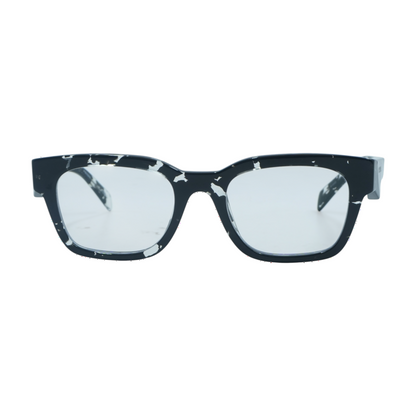 Black VPR A10 Square Prescription Eyewear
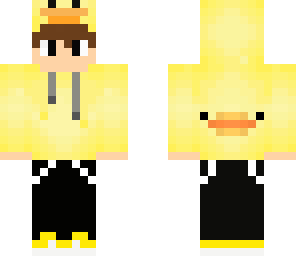 duck skin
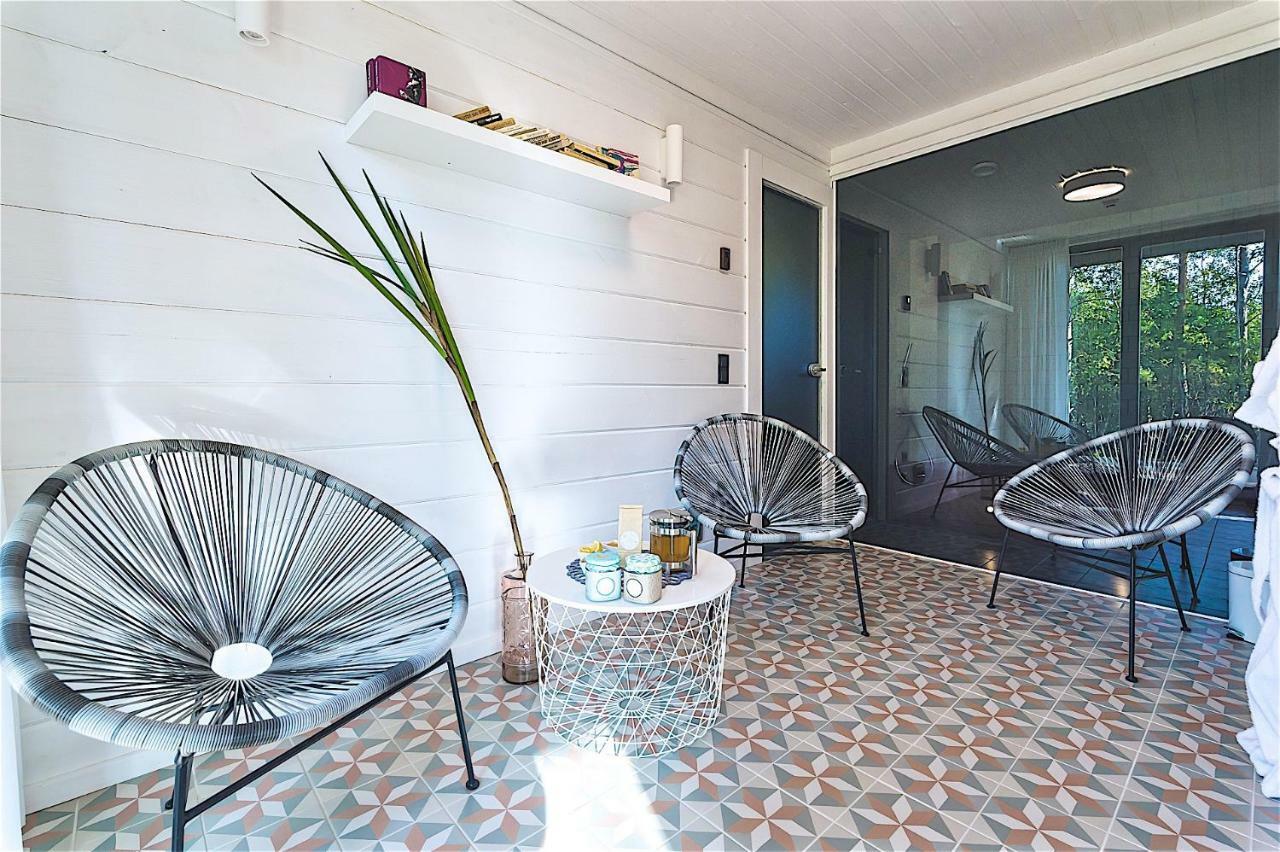Hapsal Spa Villas エクステリア 写真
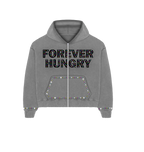 GREY GEMSTONE JACKET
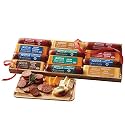 The Wisconsin Cheeseman 12-Star Lineup Meats and Cheeses, 3 lbs. 12 oz.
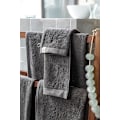 Pikkukuva 8 / 10: Walra Remade Cotton Vieraspyyhe 30x50cm - 2 kpl Walra Remade Puuvillainen Vieraspyyhe 30x50cm – 2 kpl, Anthracite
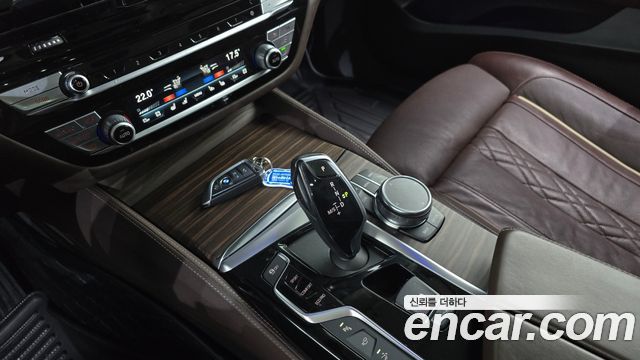 BMW Gran Turismo 620d Luxury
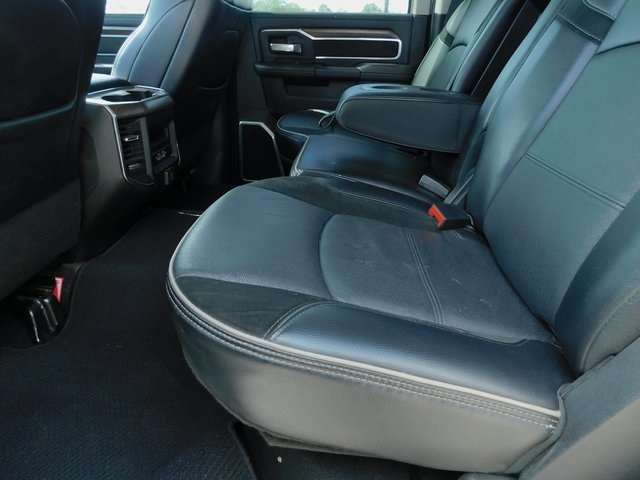 2024 Ram 2500 Laramie photo 17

——

* **Prompt**
Please print the lines from the one holding "GREY GEMSTONE JACKET" through the end of the records above, unchanged and with the pictures left out.

* **Finished task**
 GREY GEMSTONE JACKET
 The Wisconsin Cheeseman 12-Star Lineup Meats and Cheeses, 3 lbs. 12 oz.
 Pikkukuva 8 / 10: Walra Remade Cotton Vieraspyyhe 30x50cm - 2 kpl Walra Remade Puuvillainen Vieraspyyhe 30x50cm – 2 kpl, Anthracite
 BMW Gran Turismo 620d Luxury
 2024 Ram 2500 Laramie photo 17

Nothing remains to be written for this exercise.